歓談
「詳しい話、聞きたいよね」
ニヨニヨ笑うキハちゃんと頷き合って、社長と鈴木さんと陽斗くんが談笑している方に向かった。
「だからな、サワは俺の義妹に当たるんだよ。クレーム入れる時は、いっつもミワ経由で来るんだ。卑怯だろ?俺がミワに逆らえないの知ってるから、直接言わないんだ。反則だろ?」
サワさんは鈴木さんの事ですよね。ミワさんは社長の奥さんかな?つまり社長と鈴木さんは義兄妹!陽斗くん、鈴木さんと結婚したら幹部コース!これは応援しないと。

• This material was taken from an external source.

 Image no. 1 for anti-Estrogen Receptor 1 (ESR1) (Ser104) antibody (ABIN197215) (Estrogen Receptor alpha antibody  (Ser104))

「社長、プライベートな話はこの場に相応しく無いかと思います」
鈴木さんが窘める。
「ちょっと位いいじゃねーか。大森もサワの本性、早目に知っておいた方がいいぞ」
「ミワ、今どこにいるかご存知ですか?」
「家だろ?」
突然、着信音が鳴り響いた。慌てて社長がスマホを取り出し、電話に出る。
「ミワ?今どこにいる?」
「とーなーりー!」
ミワさんが叫んだので、声がこちらまで聞こえてきた。
社長は電話を切ると、そそくさと部屋を出ていった。
「鈴木さんに説明を求めます」
私はツカツカと鈴木さんに歩み寄った。
「この人数の採用っておかしいですよね?何か裏がありませんか?」
「詳しいことは今は話せません。でも、ブラック企業によくある『離職者見越して大量採用』ではないので、そこは安心してください」
一番心配していた事はキッパリ否定してもらえたので少しホッとする。
じゃあ次は陽斗くんだね。
「大森さんは鈴木さんのどこに惹かれたのですか?」
話題は何でも良かったんだけど、陽斗くんと会話してみたかったので鈴木さんの印象を聞いてみた。
「あぁ……ぐみちゃん。陽斗でいいよー。鈴木さん、行動力あ……」
「さ!わ!」
鈴木さんが叫ぶ。
「サワちゃん行動力あるじゃん?あんなに真っ直ぐに好意をぶつけられた事無かったから嬉しかった」
ふむふむ。
「あと社長の親戚っていうのも社内で有利に立ち回れそう、って思って」
まぁ、思いますよね。正直にソレ言っちゃう人少ないと思いますけど。
小一時間お話しして陽斗くんの人となりは分かった。
よし、次、愛莉ちゃん行ってみよー!と思って会場を見回すが、愛莉ちゃんの姿は見当たらない。隣にいたキハちゃんに、
「愛莉ちゃん知らない?」
と聞くと、
「アレ……」
と、男子の集団を指さした。
あーー。自己紹介の彼氏募集で逆ハーレム錬成しちゃったんですね。今日は諦めよう。またどこかで会うでしょ。
名前がわかる人は……っと、美咲ちゃんが一人でホットドッグを頬張っている。
「美咲ちゃんに声かけに行くけど、一緒に行く?」
キハちゃんに尋ねると、
「行く行く!イケメンだよねぇ。メンじゃないけど」
二つ返事で同行してくれた。
「美味しいですか?」
美咲ちゃんにカルーく声を掛ける。
「おいしいれふぅ」
あれ?イケメンキャラ崩れてる。
「彼女います宣言したら、男の子からも女の子からも声掛けて貰えなくて困ってたんです」
あーー。
「ぐみさんとキハさんですよね。お二人共インパクト強かったので、お名前覚えてますよ♪」
「「ありがとうございます」」
「美咲さん……美咲ちゃんってお呼びしてもいいですか?」
「ハイっ!私もぐみちゃん、キハちゃんって呼びますね」
性的なお話を聞きたかった私は年齢制限に配慮してグッと堪えた。
「美咲ちゃんはココ入る前は何してたんですか?」
「普通の高校生ですよ。女子校でしたけど。男の人と話すの慣れてないので、今日から修行します」
女子校……ますますアッチ方面に興味が……。
「陽斗くんとかどうですか?カワイイ彼女ができたので安心ですよ」
「スキあらば話しかけようとしてるんだけど……陽斗くんはスキだらけなんだけど……」
三人が陽斗くんに注目すると、獣のような目をした鈴木さんと目が合った。
グルルルルルルル……って聞こえたような気がするんですけど!?
そろそろ懇親会終わらせたいのですが、登場人物が話し足りないようです。